In today's Reuters Metals Insider (click here, pages one and two of the PDF) Andy Home publishes a great analysis of dynamics in the copper market. You're advised to click through and read it all, but here's a goodly sized excerpt:
MINE SHORTAGE - BUSINESS AS USUAL
To understand why it's worth considering what is happening further up the supply chain. Extreme tightness is already a constant in the copper concentrates market.
The exact numbers for this year's mid-term concentrate deals are still unconfirmed by either miners or smelters but the consensus view seems to be that they came in at or just below $40 per tonne and 4.0 cents per pound.
Those in the spot market have been lower still, headline treatment charges recently falling to near zero. These are distress levels for smelters the world over.
And the problem is that no-one, least of all the smelters themselves, can see where the extra mine supply is going to come from to boost concentrates availability. World mine production grew by an anaemic 0.3 percent in the first five months of this year, according to the International Copper Study Group. Capacity utilisation fell to just 77.5 percent.

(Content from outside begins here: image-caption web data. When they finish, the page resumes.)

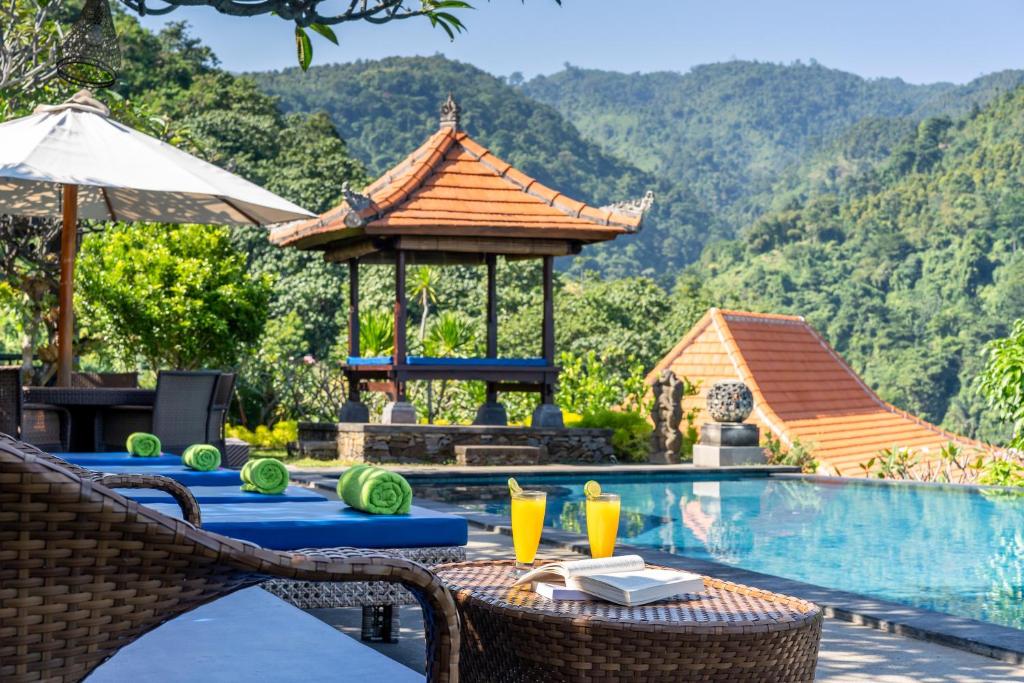 Infinity pool with mountain and gazebo view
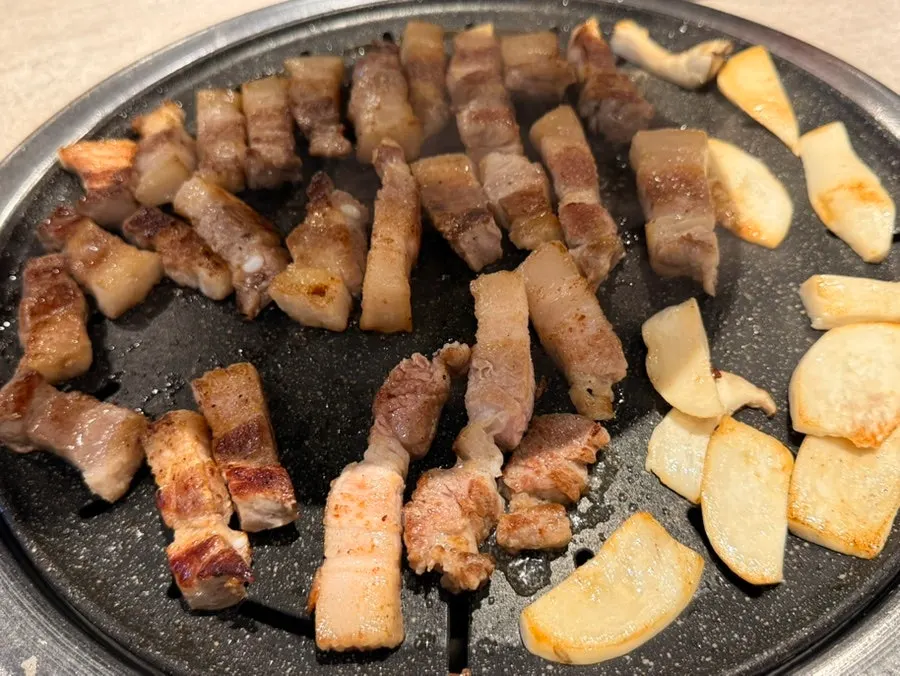 Thick pork belly on the grill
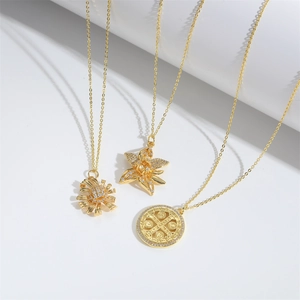 Minimalist gold star and daisy flower pendant necklaces on clean white background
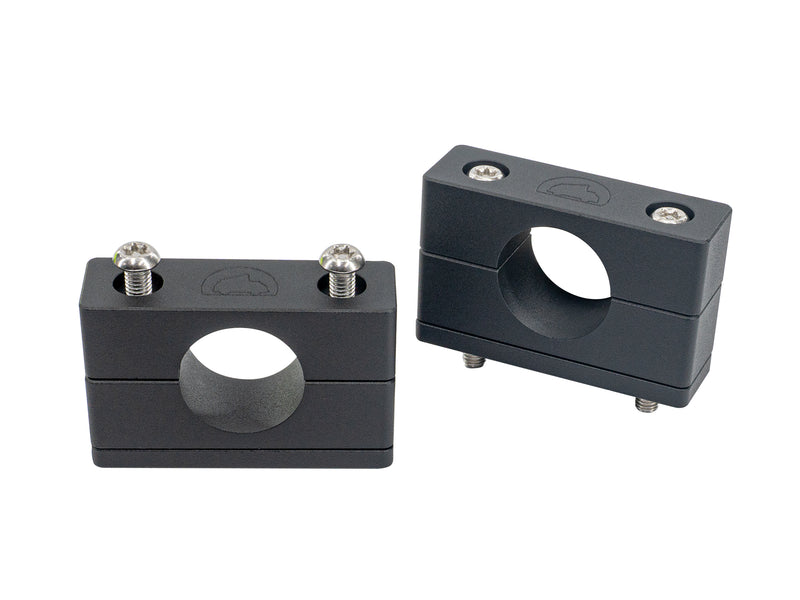Two black metal blocks with circular holes and screws on a white background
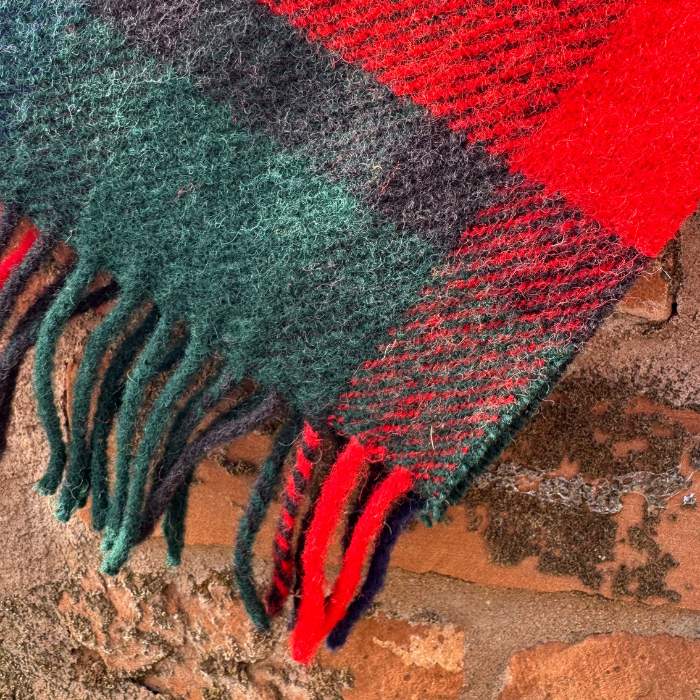 A close-up of a Kilgour tartan knee blanket with fringe, featuring red, dark green, and black stripes, draped over a rustic brick surface.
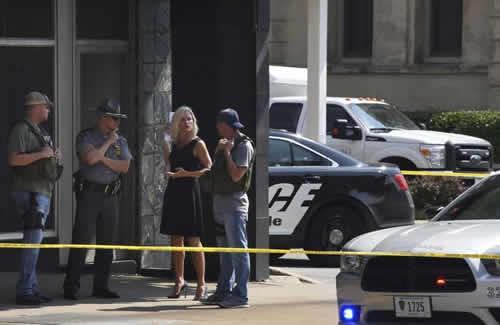 Officials consult near the crime scene at the Huntington Bank, next to the Courthouse.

A lack of new projects and the ageing of the world's existing mines, translating into declining ore grades, are going to continue keeping the concentrates market in deficit.
That in turn will directly impact global smelter run rates, even allowing for a continued improvement in scrap availability. This chronic mine under-performance is a wellflagged feature of the copper market. But combining it with relatively low inventory of refined metal creates a heady bull cocktail.
No wonder that a growing number of big bank analysts are forecasting copper prices to hit all-time nominal highs at some stage next year.
Bears beware! The warning signs are already there in that front-month LME tightness. The small backwardation in the Nov-to-three-months period could be just a taster of what lies around the corner for the copper market.